WHAT YOU SHOULD DO – Exact copies of all the lines below are wanted, without a single picture.

DATA –
· · · ·

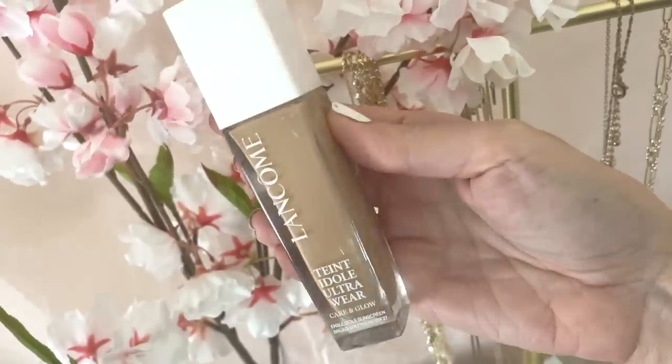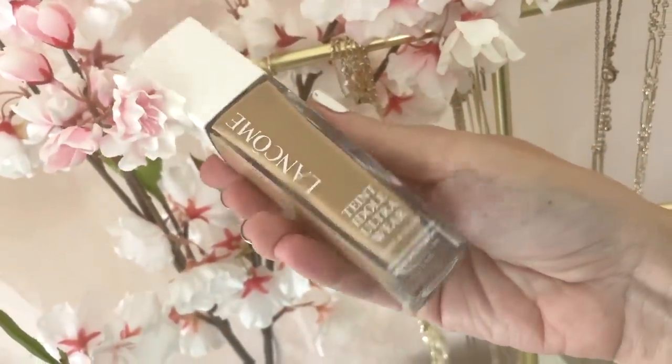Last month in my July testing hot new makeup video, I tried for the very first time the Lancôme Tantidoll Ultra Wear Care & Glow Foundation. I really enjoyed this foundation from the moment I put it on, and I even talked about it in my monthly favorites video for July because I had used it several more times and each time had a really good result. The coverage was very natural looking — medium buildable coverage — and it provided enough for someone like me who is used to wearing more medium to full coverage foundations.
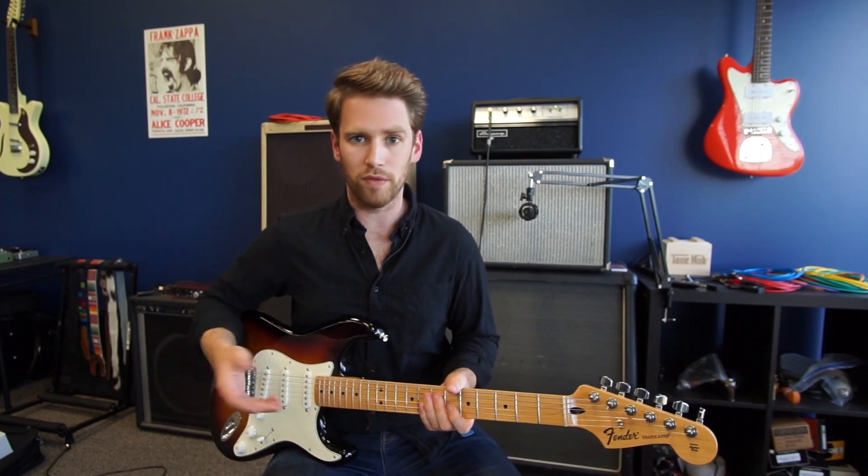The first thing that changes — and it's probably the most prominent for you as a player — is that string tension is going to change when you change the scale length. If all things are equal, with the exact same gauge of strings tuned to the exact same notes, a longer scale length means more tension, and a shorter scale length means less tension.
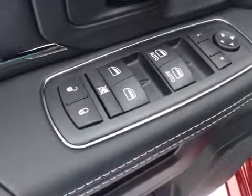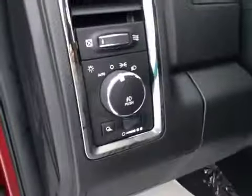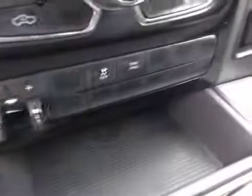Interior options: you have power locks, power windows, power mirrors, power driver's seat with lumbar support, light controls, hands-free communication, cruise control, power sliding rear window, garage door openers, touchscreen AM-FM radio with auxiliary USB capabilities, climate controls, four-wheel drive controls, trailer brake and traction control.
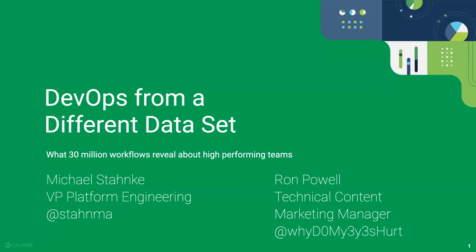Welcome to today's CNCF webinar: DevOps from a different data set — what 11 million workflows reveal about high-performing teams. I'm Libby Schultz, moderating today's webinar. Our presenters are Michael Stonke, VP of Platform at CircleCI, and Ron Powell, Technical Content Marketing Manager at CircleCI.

· · · ·

YOUR SOLUTION –
Last month in my July testing hot new makeup video, I tried for the very first time the Lancôme Tantidoll Ultra Wear Care & Glow Foundation. I really enjoyed this foundation from the moment I put it on, and I even talked about it in my monthly favorites video for July because I had used it several more times and each time had a really good result. The coverage was very natural looking — medium buildable coverage — and it provided enough for someone like me who is used to wearing more medium to full coverage foundations.
The first thing that changes — and it's probably the most prominent for you as a player — is that string tension is going to change when you change the scale length. If all things are equal, with the exact same gauge of strings tuned to the exact same notes, a longer scale length means more tension, and a shorter scale length means less tension.
Interior options: you have power locks, power windows, power mirrors, power driver's seat with lumbar support, light controls, hands-free communication, cruise control, power sliding rear window, garage door openers, touchscreen AM-FM radio with auxiliary USB capabilities, climate controls, four-wheel drive controls, trailer brake and traction control.
Welcome to today's CNCF webinar: DevOps from a different data set — what 11 million workflows reveal about high-performing teams. I'm Libby Schultz, moderating today's webinar. Our presenters are Michael Stonke, VP of Platform at CircleCI, and Ron Powell, Technical Content Marketing Manager at CircleCI.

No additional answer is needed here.